Friday, February 7, 2014

What I was in for

I was not prepared. I was not prepared to lose all sense of who I am for so many years or doubt every decision so completely that I gave up making choices entirely. I couldn't have imagined how intricately I would begin to criticize every human being's behaviors, including my own, and the height of standards I'd expect around children who notice everything and nothing like flipping an invisible switch. I was caught off guard by the mental water torture at the close of each day where every drop highlighted a short coming in the last 12 hours to the point that a once quite confident, borderline arrogant, woman would consider checking willingly in at the nearest mental facility. I was shaken to wake up years down the road and, looking back,  see the depression only after regaining some semblance of emotional stability. 

I had no idea, pre-motherhood, that when I judged a parent, based on their toddler's behavior, she was blaming herself as well and had no idea what to do having exhausted the gamut of sage advice and paperback solutions which all fail because three year-olds are innately insubordinate, boundary obliterating geniuses. I was also shocked at the vast ocean of competitive mother's and childless do gooder's opinions and unsolicited advice I'd have to stoically swallow for each "behavior" my little learning human would temporarily test. I could never have seen what I was in for and if I had, I wouldn't have chosen parenthood.
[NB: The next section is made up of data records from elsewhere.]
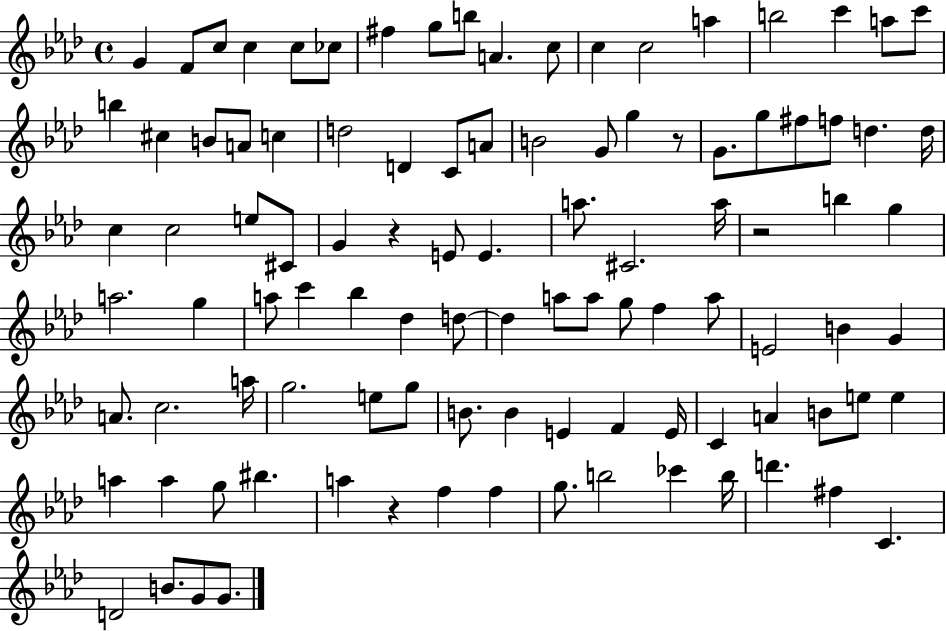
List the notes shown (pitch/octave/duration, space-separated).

G4/q F4/e C5/e C5/q C5/e CES5/e F#5/q G5/e B5/e A4/q. C5/e C5/q C5/h A5/q B5/h C6/q A5/e C6/e B5/q C#5/q B4/e A4/e C5/q D5/h D4/q C4/e A4/e B4/h G4/e G5/q R/e G4/e. G5/e F#5/e F5/e D5/q. D5/s C5/q C5/h E5/e C#4/e G4/q R/q E4/e E4/q. A5/e. C#4/h. A5/s R/h B5/q G5/q A5/h. G5/q A5/e C6/q Bb5/q Db5/q D5/e D5/q A5/e A5/e G5/e F5/q A5/e E4/h B4/q G4/q A4/e. C5/h. A5/s G5/h. E5/e G5/e B4/e. B4/q E4/q F4/q E4/s C4/q A4/q B4/e E5/e E5/q A5/q A5/q G5/e BIS5/q. A5/q R/q F5/q F5/q G5/e. B5/h CES6/q B5/s D6/q. F#5/q C4/q. D4/h B4/e. G4/e G4/e.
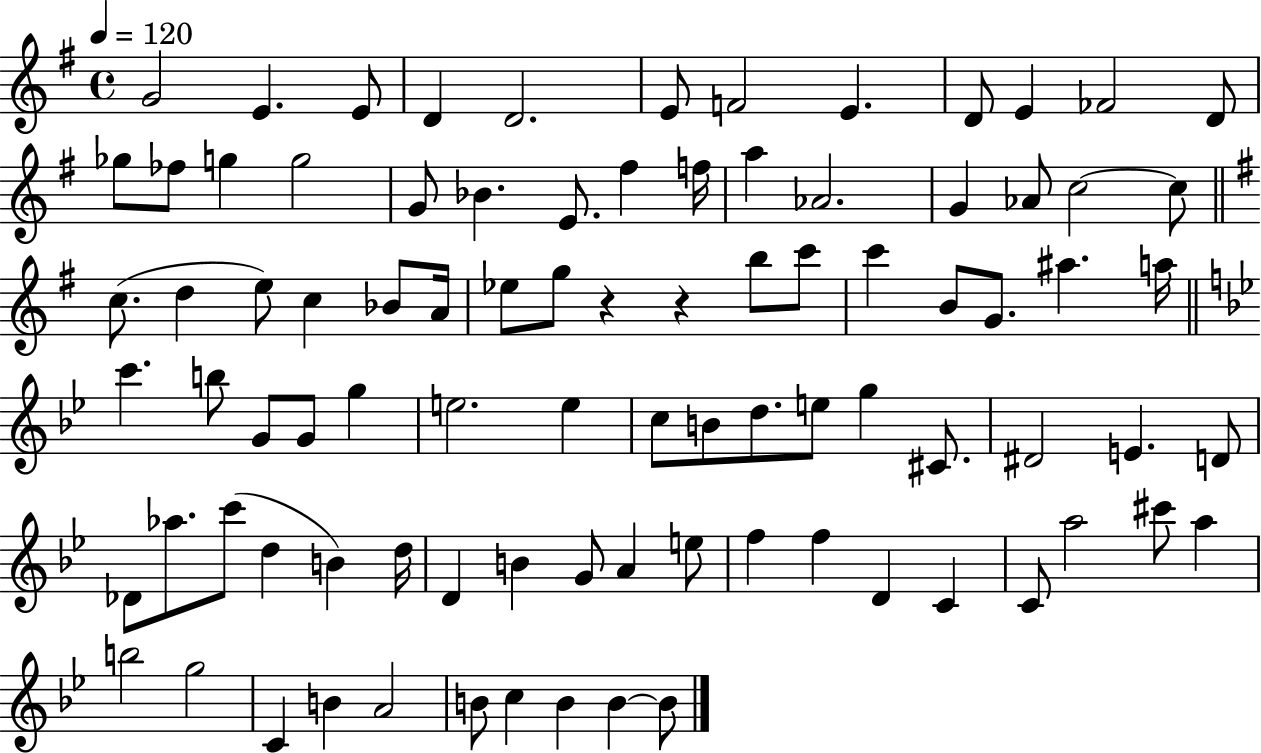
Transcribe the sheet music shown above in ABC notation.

X:1
T:Untitled
M:4/4
L:1/4
K:G
G2 E E/2 D D2 E/2 F2 E D/2 E _F2 D/2 _g/2 _f/2 g g2 G/2 _B E/2 ^f f/4 a _A2 G _A/2 c2 c/2 c/2 d e/2 c _B/2 A/4 _e/2 g/2 z z b/2 c'/2 c' B/2 G/2 ^a a/4 c' b/2 G/2 G/2 g e2 e c/2 B/2 d/2 e/2 g ^C/2 ^D2 E D/2 _D/2 _a/2 c'/2 d B d/4 D B G/2 A e/2 f f D C C/2 a2 ^c'/2 a b2 g2 C B A2 B/2 c B B B/2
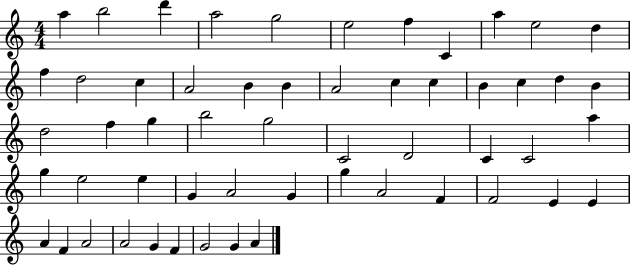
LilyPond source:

{
  \clef treble
  \numericTimeSignature
  \time 4/4
  \key c \major
  a''4 b''2 d'''4 | a''2 g''2 | e''2 f''4 c'4 | a''4 e''2 d''4 | \break f''4 d''2 c''4 | a'2 b'4 b'4 | a'2 c''4 c''4 | b'4 c''4 d''4 b'4 | \break d''2 f''4 g''4 | b''2 g''2 | c'2 d'2 | c'4 c'2 a''4 | \break g''4 e''2 e''4 | g'4 a'2 g'4 | g''4 a'2 f'4 | f'2 e'4 e'4 | \break a'4 f'4 a'2 | a'2 g'4 f'4 | g'2 g'4 a'4 | \bar "|."
}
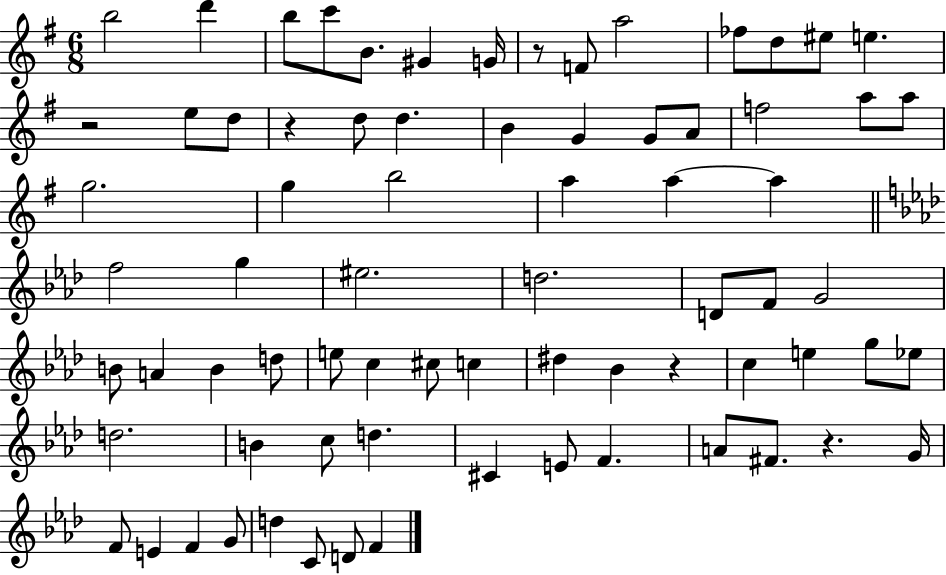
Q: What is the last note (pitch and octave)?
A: F4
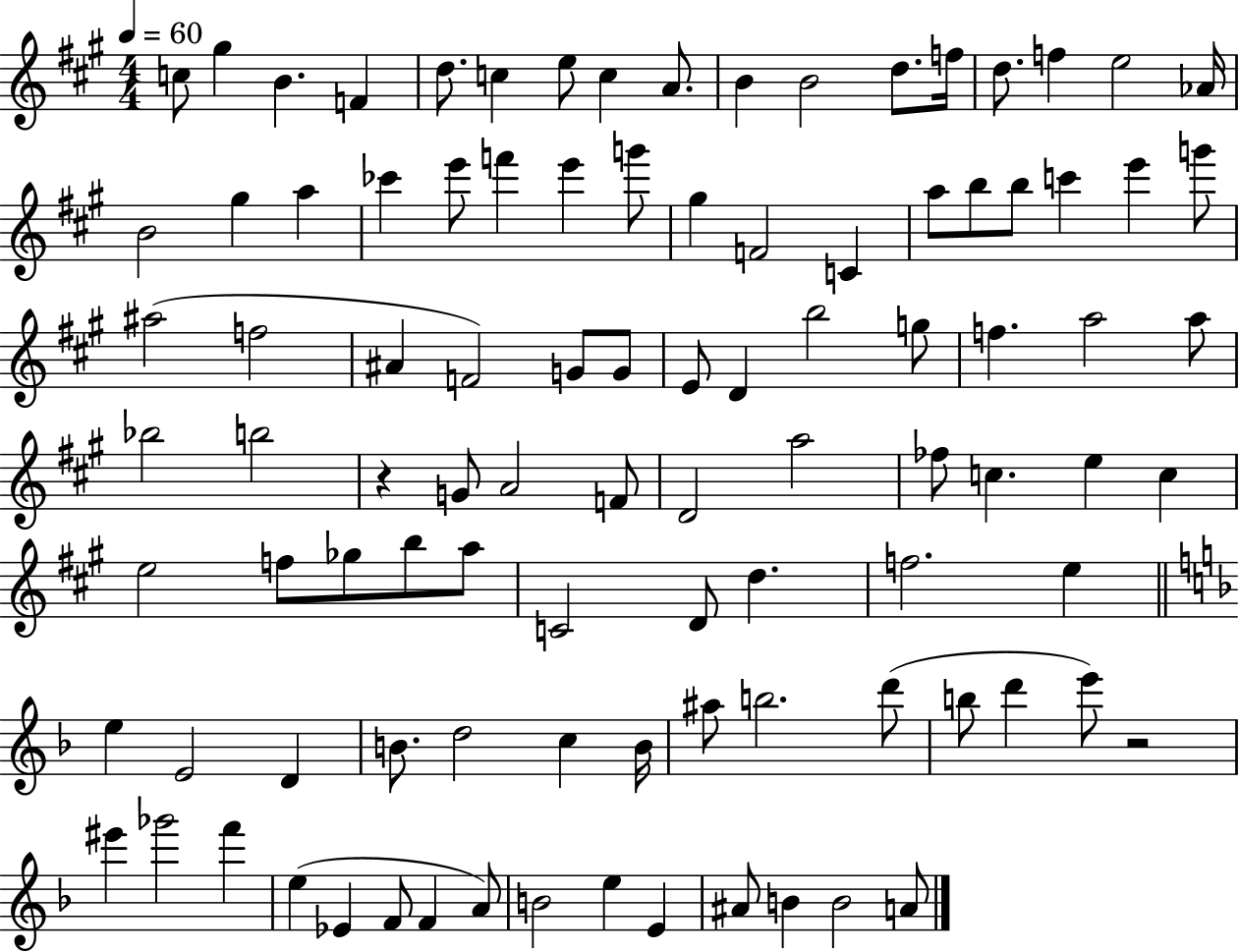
X:1
T:Untitled
M:4/4
L:1/4
K:A
c/2 ^g B F d/2 c e/2 c A/2 B B2 d/2 f/4 d/2 f e2 _A/4 B2 ^g a _c' e'/2 f' e' g'/2 ^g F2 C a/2 b/2 b/2 c' e' g'/2 ^a2 f2 ^A F2 G/2 G/2 E/2 D b2 g/2 f a2 a/2 _b2 b2 z G/2 A2 F/2 D2 a2 _f/2 c e c e2 f/2 _g/2 b/2 a/2 C2 D/2 d f2 e e E2 D B/2 d2 c B/4 ^a/2 b2 d'/2 b/2 d' e'/2 z2 ^e' _g'2 f' e _E F/2 F A/2 B2 e E ^A/2 B B2 A/2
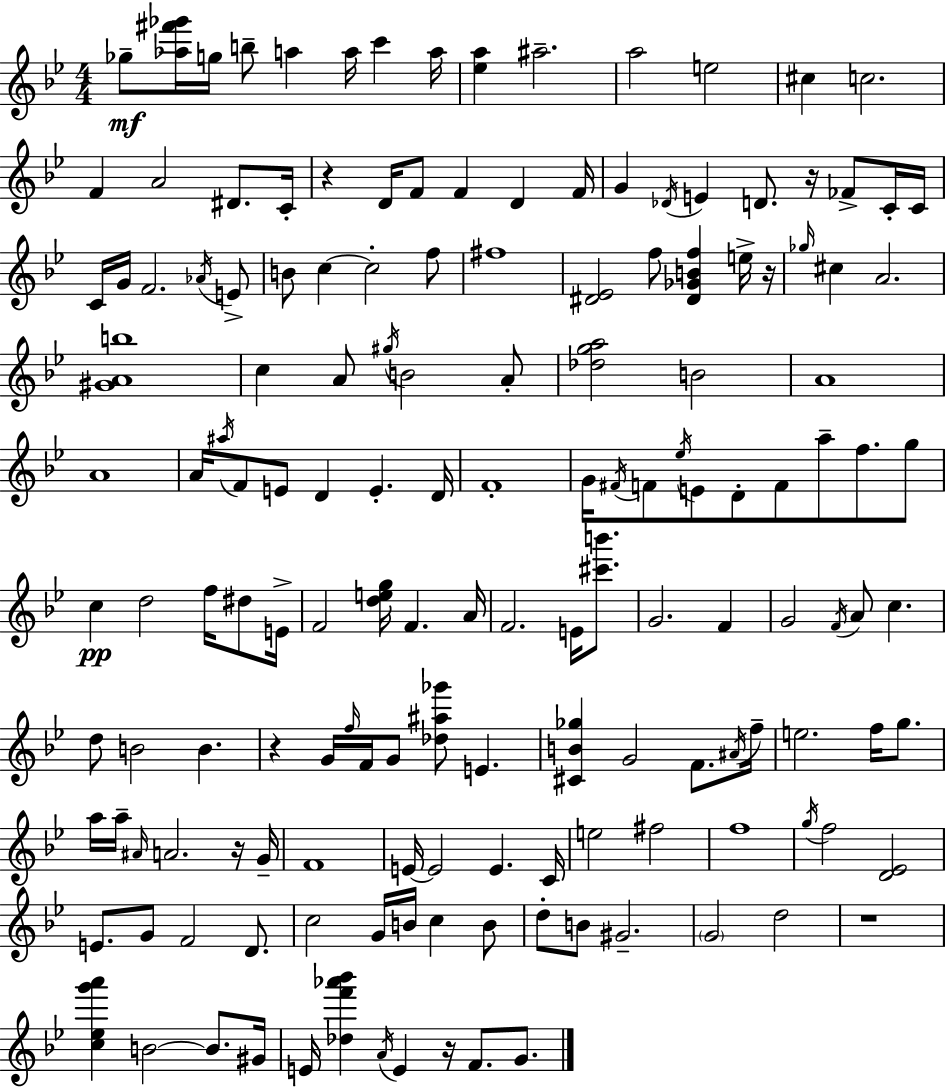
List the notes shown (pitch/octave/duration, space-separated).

Gb5/e [Ab5,F#6,Gb6]/s G5/s B5/e A5/q A5/s C6/q A5/s [Eb5,A5]/q A#5/h. A5/h E5/h C#5/q C5/h. F4/q A4/h D#4/e. C4/s R/q D4/s F4/e F4/q D4/q F4/s G4/q Db4/s E4/q D4/e. R/s FES4/e C4/s C4/s C4/s G4/s F4/h. Ab4/s E4/e B4/e C5/q C5/h F5/e F#5/w [D#4,Eb4]/h F5/e [D#4,Gb4,B4,F5]/q E5/s R/s Gb5/s C#5/q A4/h. [G#4,A4,B5]/w C5/q A4/e G#5/s B4/h A4/e [Db5,G5,A5]/h B4/h A4/w A4/w A4/s A#5/s F4/e E4/e D4/q E4/q. D4/s F4/w G4/s F#4/s F4/e Eb5/s E4/e D4/e F4/e A5/e F5/e. G5/e C5/q D5/h F5/s D#5/e E4/s F4/h [D5,E5,G5]/s F4/q. A4/s F4/h. E4/s [C#6,B6]/e. G4/h. F4/q G4/h F4/s A4/e C5/q. D5/e B4/h B4/q. R/q G4/s F5/s F4/s G4/e [Db5,A#5,Gb6]/e E4/q. [C#4,B4,Gb5]/q G4/h F4/e. A#4/s F5/s E5/h. F5/s G5/e. A5/s A5/s A#4/s A4/h. R/s G4/s F4/w E4/s E4/h E4/q. C4/s E5/h F#5/h F5/w G5/s F5/h [D4,Eb4]/h E4/e. G4/e F4/h D4/e. C5/h G4/s B4/s C5/q B4/e D5/e B4/e G#4/h. G4/h D5/h R/w [C5,Eb5,G6,A6]/q B4/h B4/e. G#4/s E4/s [Db5,F6,Ab6,Bb6]/q A4/s E4/q R/s F4/e. G4/e.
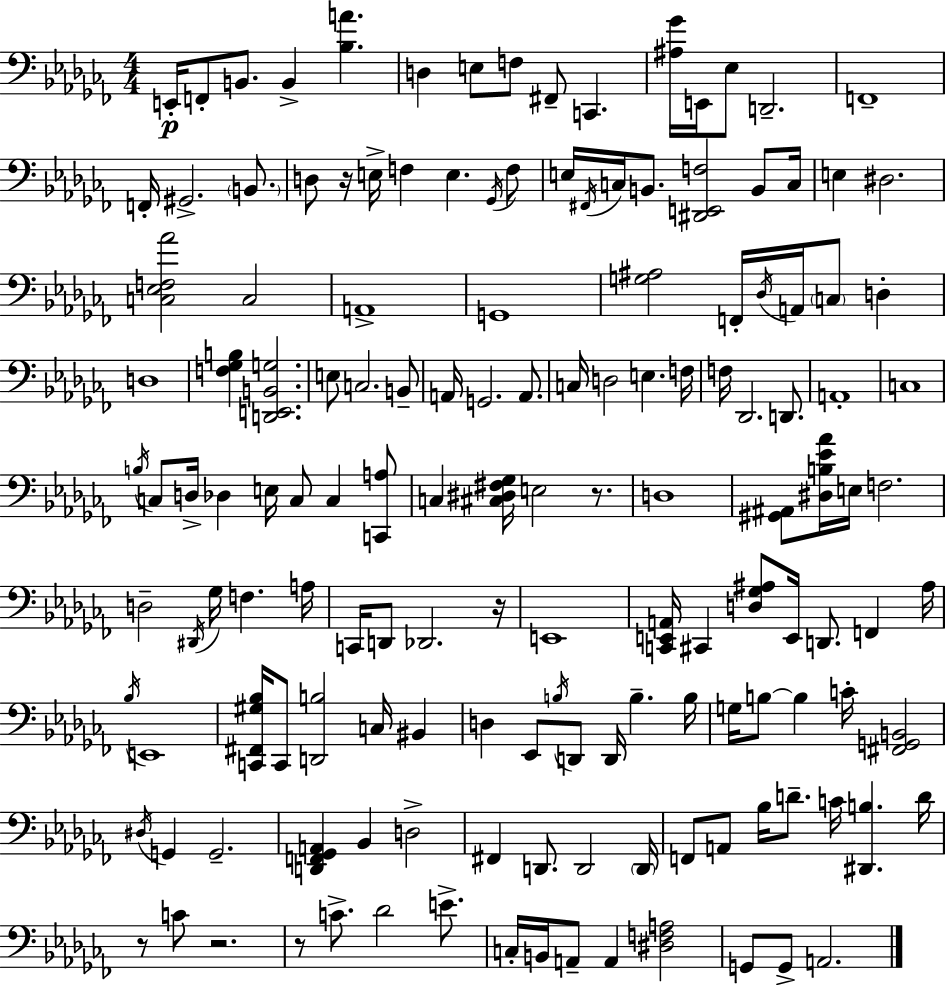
{
  \clef bass
  \numericTimeSignature
  \time 4/4
  \key aes \minor
  e,16-.\p f,8-. b,8. b,4-> <bes a'>4. | d4 e8 f8 fis,8-- c,4. | <ais ges'>16 e,16 ees8 d,2.-- | f,1-- | \break f,16-. gis,2.-> \parenthesize b,8. | d8 r16 e16-> f4 e4. \acciaccatura { ges,16 } f8 | e16 \acciaccatura { fis,16 } c16 b,8. <dis, e, f>2 b,8 | c16 e4 dis2. | \break <c ees f aes'>2 c2 | a,1-> | g,1 | <g ais>2 f,16-. \acciaccatura { des16 } a,16 \parenthesize c8 d4-. | \break d1 | <f ges b>4 <d, e, b, g>2. | e8 c2. | b,8-- a,16 g,2. | \break a,8. c16 d2 e4. | f16 f16 des,2. | d,8. a,1-. | c1 | \break \acciaccatura { b16 } c8 d16-> des4 e16 c8 c4 | <c, a>8 c4 <cis dis fis ges>16 e2 | r8. d1 | <gis, ais,>8 <dis b ees' aes'>16 e16 f2. | \break d2-- \acciaccatura { dis,16 } ges16 f4. | a16 c,16 d,8 des,2. | r16 e,1 | <c, e, a,>16 cis,4 <d ges ais>8 e,16 d,8. | \break f,4 ais16 \acciaccatura { bes16 } e,1 | <c, fis, gis bes>16 c,8 <d, b>2 | c16 bis,4 d4 ees,8 \acciaccatura { b16 } d,8 d,16 | b4.-- b16 g16 b8~~ b4 c'16-. <fis, g, b,>2 | \break \acciaccatura { dis16 } g,4 g,2.-- | <d, f, ges, a,>4 bes,4 | d2-> fis,4 d,8. d,2 | \parenthesize d,16 f,8 a,8 bes16 d'8.-- | \break c'16 <dis, b>4. d'16 r8 c'8 r2. | r8 c'8.-> des'2 | e'8.-> c16-. b,16 a,8-- a,4 | <dis f a>2 g,8 g,8-> a,2. | \break \bar "|."
}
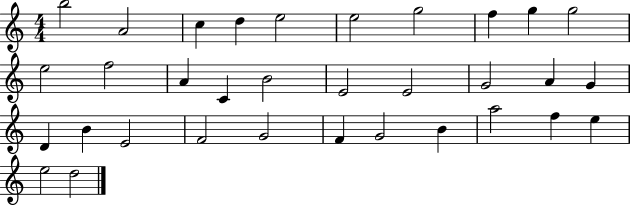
X:1
T:Untitled
M:4/4
L:1/4
K:C
b2 A2 c d e2 e2 g2 f g g2 e2 f2 A C B2 E2 E2 G2 A G D B E2 F2 G2 F G2 B a2 f e e2 d2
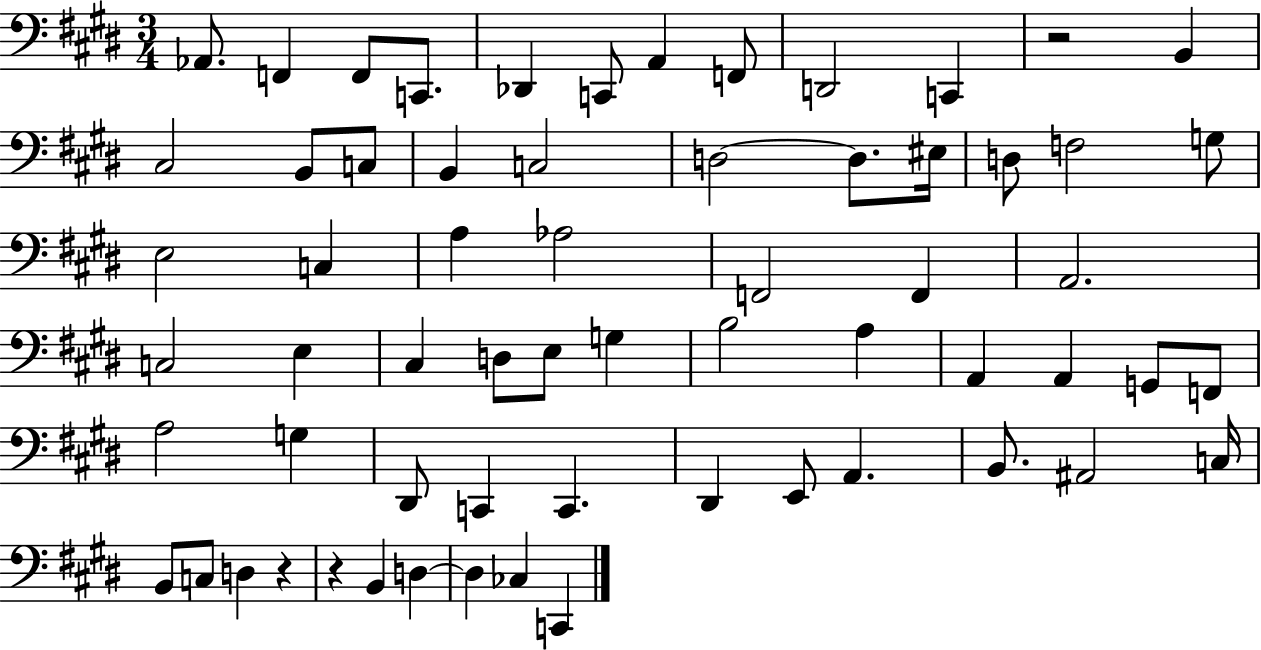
X:1
T:Untitled
M:3/4
L:1/4
K:E
_A,,/2 F,, F,,/2 C,,/2 _D,, C,,/2 A,, F,,/2 D,,2 C,, z2 B,, ^C,2 B,,/2 C,/2 B,, C,2 D,2 D,/2 ^E,/4 D,/2 F,2 G,/2 E,2 C, A, _A,2 F,,2 F,, A,,2 C,2 E, ^C, D,/2 E,/2 G, B,2 A, A,, A,, G,,/2 F,,/2 A,2 G, ^D,,/2 C,, C,, ^D,, E,,/2 A,, B,,/2 ^A,,2 C,/4 B,,/2 C,/2 D, z z B,, D, D, _C, C,,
 Then, I'd have missed out on what what can only be considered insanity because that hardship is probably the biggest accomplishment into which I will ever unknowingly step. My kids have made me angrier, more helpless, violently humbled, and broken than any experience could have and in so doing, also forged within me a bigger portion of  strength, bravery, happiness, self assurance, and fulfillment than I could have found without them. In fact, before children I had no clue, even in the meeting of my husband, what love REALLY is. Because of these lessons, I am a better wife and friend since I know what suffering for those you love means. If you can endure screaming, stomping, smashing, embarrassing, unrelenting, selfishness for days on end and hover over their peacefully sleeping bodies willing to love and hold and kiss and provide for them again day after day you can handle most anything anyone else does to you - just as long as no one does anything to THEM!